Tunisia’s ruling party agrees to hold transition negotiations


Tunisia’s ruling party and opposition coalition have agreed to begin talks on a transition plan under which the government will resign and allow a caretaker administration of technocrats and new elections.

The Islamic Ennahda party announced on Friday that it has accepted the roadmap proposed by mediators to end the North African country’s political stalemate that started after the assassination of an opposition politician in July.

“Ennahda announces after examining the proposal… its acceptance and demands that a serious national dialogue is launched to get the country out of the political crisis,” the party said in a statement.

Issam Chebbi, a senior official in the National Salvation Front, said that the opposition decided to accept “without any conditions” the transition plan drafted by the influential General Labor Union — known by its French acronym UGTT — which has been mediating between the two sides.

The UGTT is expected to make a formal announcement on Saturday.
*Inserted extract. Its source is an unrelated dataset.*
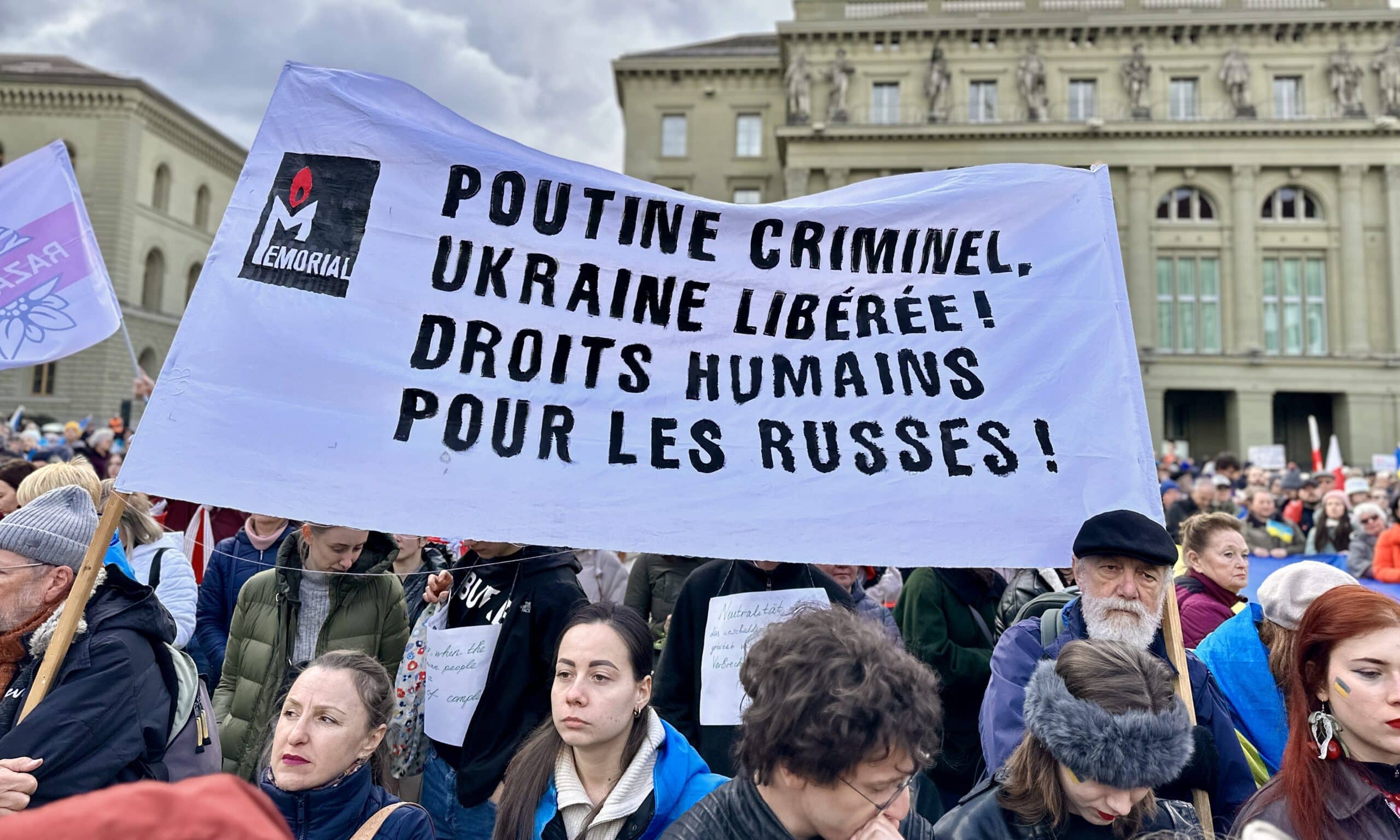 Манифестация солидарности с Украиной 24 февраля 2024 года объединила в Берне несколько тысяч человек. Надписи на транспарантах дают представление о настроениях активных и неравнодушных жителей Швейцарии. (© forall.swiss)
The two sides will now negotiate a timetable for the Ennahda-led government to step down, the composition of the interim government, and a date for the elections.
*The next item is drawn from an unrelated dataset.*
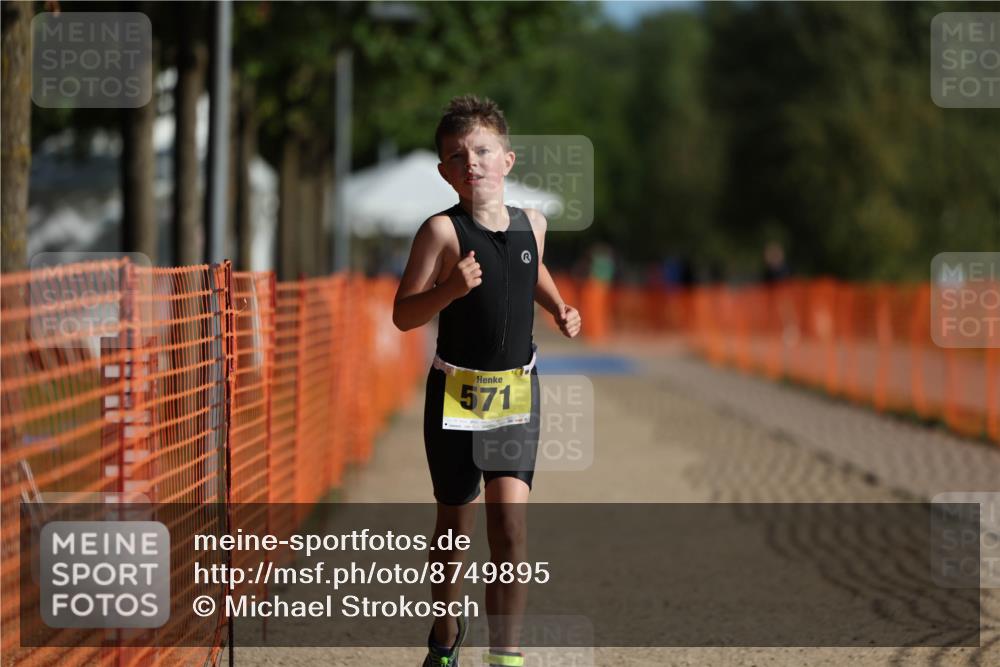 07.09.2025 - 19. Norderstedt Triathlon Michael Strokosch http://msf.ph/oto/8749895 07.09.2025 09:50:20 Laufen 571 meine-sportfotos.de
The July 25 murder of Mohamed Brahmi, the second such assassination in six months, created the crisis in Tunisia with the National Salvation Front, blaming the government for failing to maintain security and tolerating the militants it blamed for the killing.
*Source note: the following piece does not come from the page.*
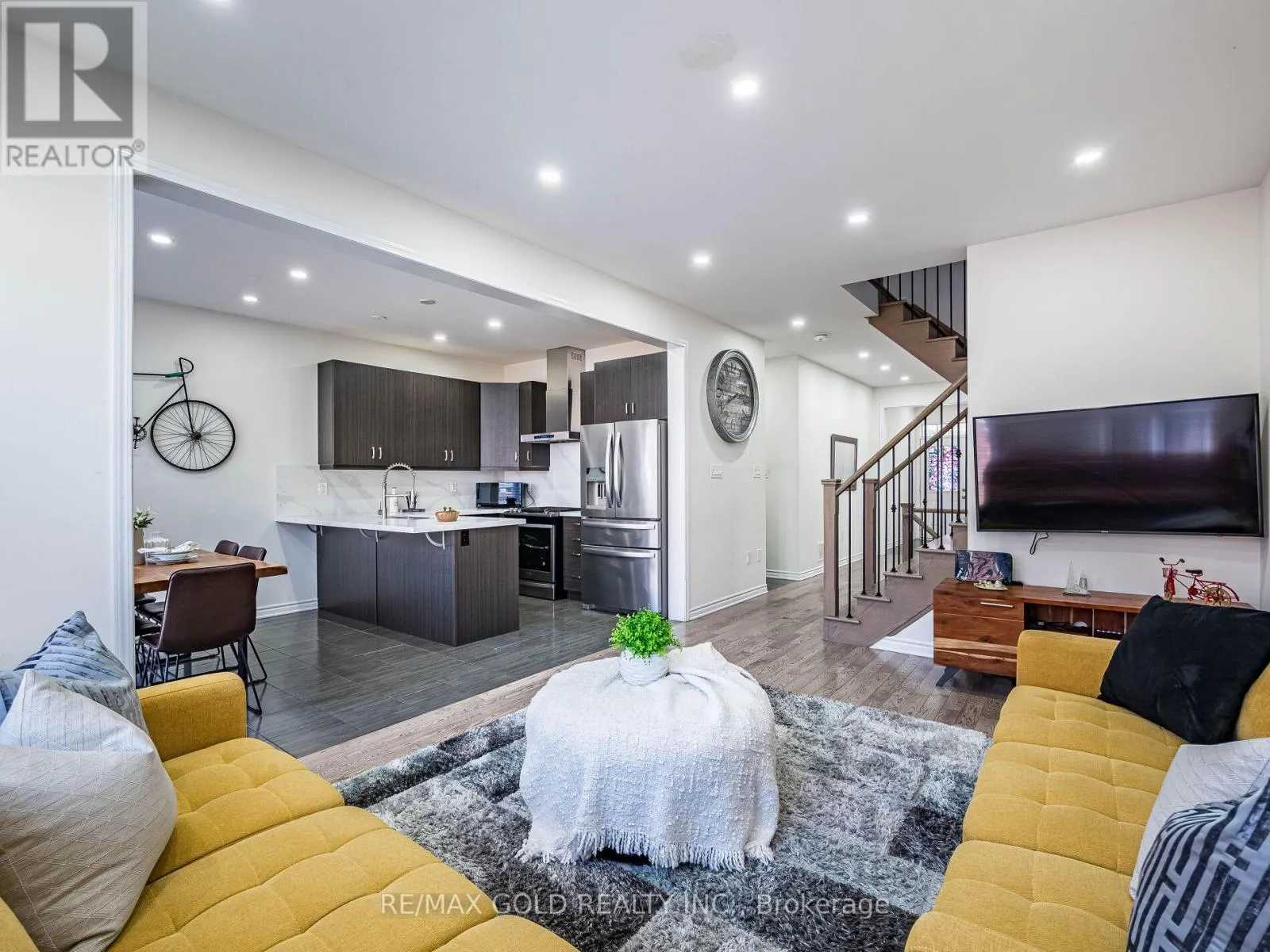36 FEEDER STREET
The opposition has been staging large demonstrations, demanding the resignation of the government, a new administration of technocrats and new elections.

Brahmi, who was a member of the Popular Front party, held a seat in the Constituent Assembly tasked with writing a new constitution following the 2011 revolution.

The assassination of leftist opposition figure Chokri Belaid outside his home in the capital in February 2013 triggered violent demonstrations across the country, with the headquarters of the Ennahda party being attacked in more than a dozen cities.

Tunisia, the birthplace of pro-democracy protests across North Africa and the Middle East, is struggling with a democratic changeover after the overthrow of its Western-backed dictator Zine El Abidine Ben Ali in 2011.